Question

When an evacuated 63.8 -mL glass bulb is filled with a gas at \(22^{\circ} \mathrm{C}\) and \(747 \mathrm{mmHg}\), the bulb gains \(0.103 \mathrm{~g}\) in mass. Is the gas \(\mathrm{N}_{2}, \mathrm{Ne},\) or \(\mathrm{Ar} ?\)

Short answer

The gas is argon (\(Ar\)).

Step-by-step solution

- Convert Measurements to Suitable Units

Convert the given volume to liters: \[ 63.8 \text{ mL} = 0.0638 \text{ L} \] Convert the pressure from mmHg to atm: \[ 747 \text{ mmHg} = \frac{747}{760} \text{ atm} = 0.983 \text{ atm} \] Convert the temperature from Celsius to Kelvin: \[ 22^{\bullet} \text{C} = 22 + 273 = 295 \text{ K} \]

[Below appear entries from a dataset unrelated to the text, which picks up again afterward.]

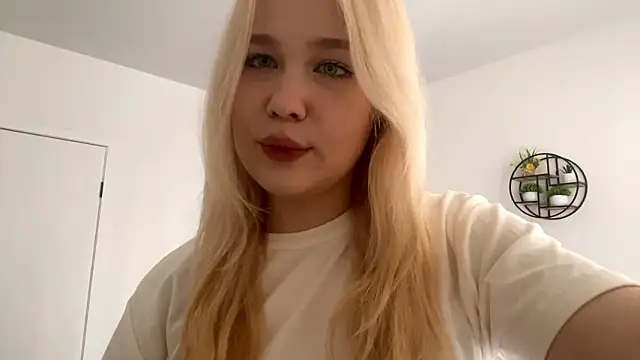 Snapshot of FreyaLoveLove chatting on March 19, 2026, 9:46 am FreyaLoveLove online show from March 19, 2026, 9:46 am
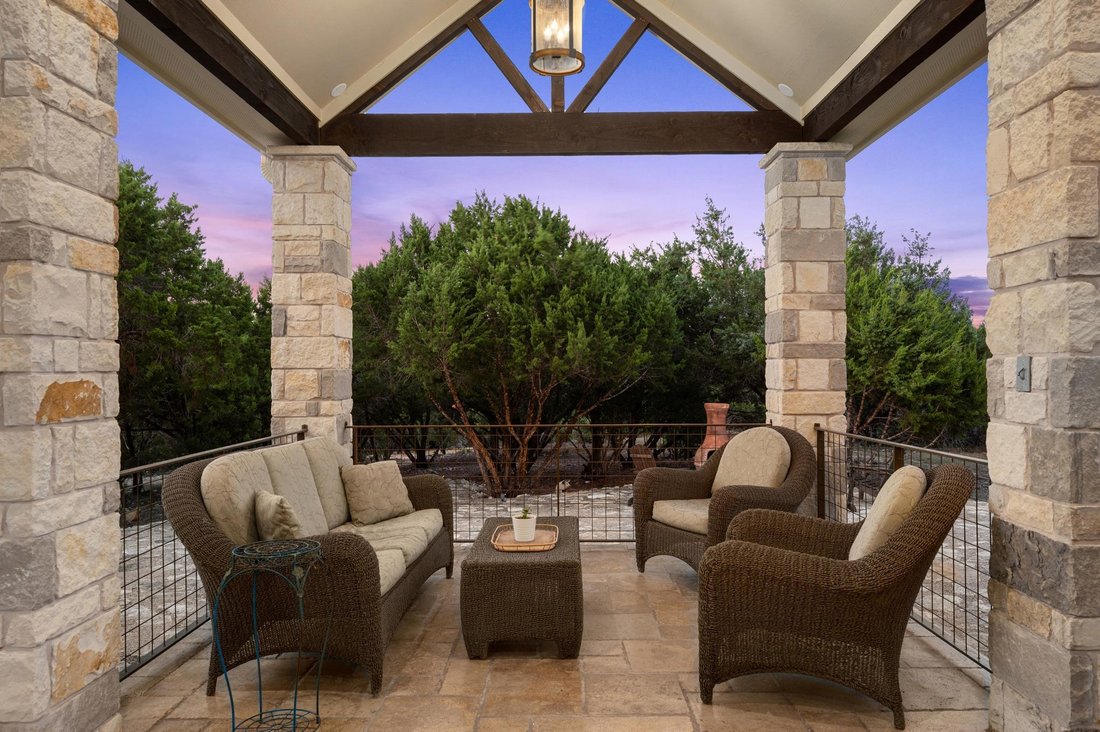 House in Leander, Texas, United States 3 - 17624948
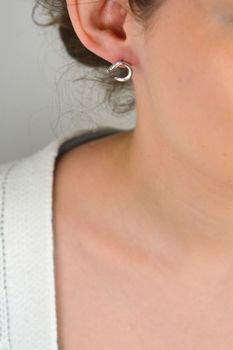 Kolczyki srebrne geometryczne z cyrkoniami próba 925, DIA-KLC-10700-925 Postaw na styl, który łączy nowoczesność z ponadczasową elegancją! Perfekcyjne połączenie geometrycznego wzoru i subtelnego połysku cyrkonii (4).JPG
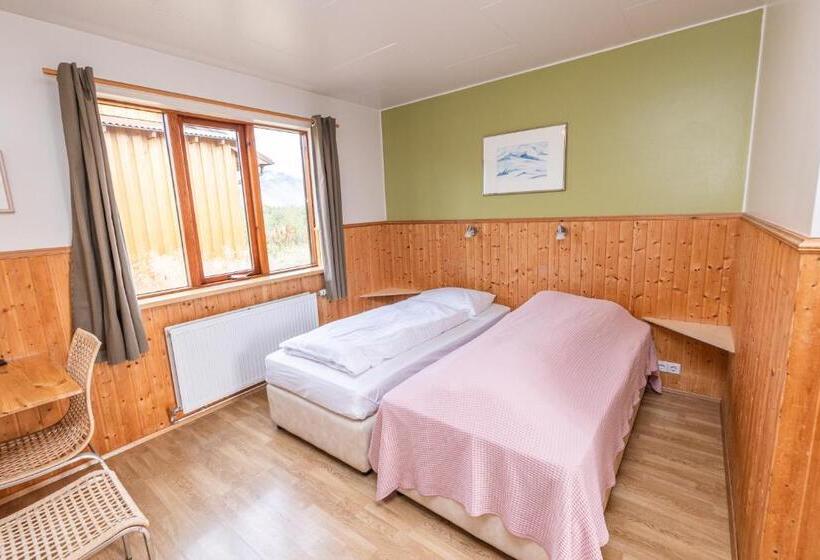 هتل Arnanes Country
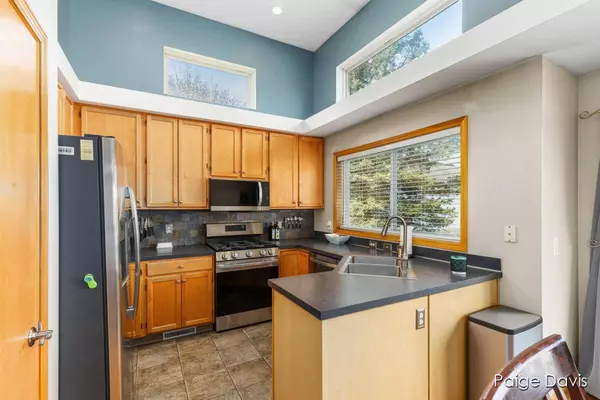 5763 Sugarberry SE Drive, Kentwood, MI 49512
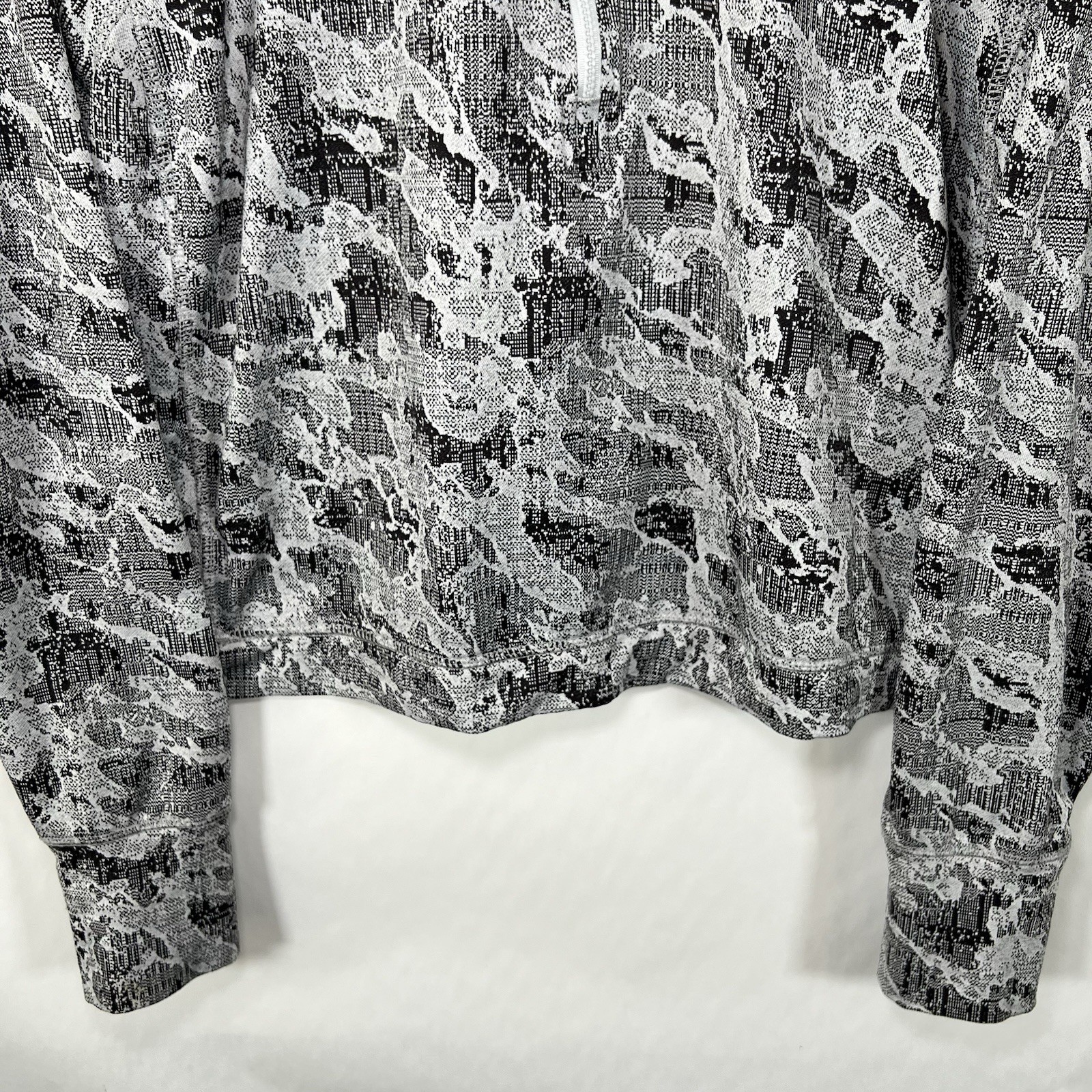 Spyder Active Cropped Half Zip Pullover Womens Si… - image 3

- Calculate the Number of Moles Using the Ideal Gas Law

Use the ideal gas law equation: \[ PV = nRT \] Where, \(P\) is the pressure in atm, \(V\) is the volume in liters, \(n\) is the number of moles, \(R\) is the ideal gas constant \(0.0821 \text{ L atm K}^{-1} \text{ mol}^{-1}\), and \(T\) is the temperature in Kelvin. Substitute the values: \[ (0.983 \text{ atm}) \cdot (0.0638 \text{ L}) = n \cdot (0.0821) \cdot (295 \text{ K}) \] Solving for \(n\): \[ n = \frac{0.983 \times 0.0638}{0.0821 \times 295} = 0.00262 \text{ mol} \]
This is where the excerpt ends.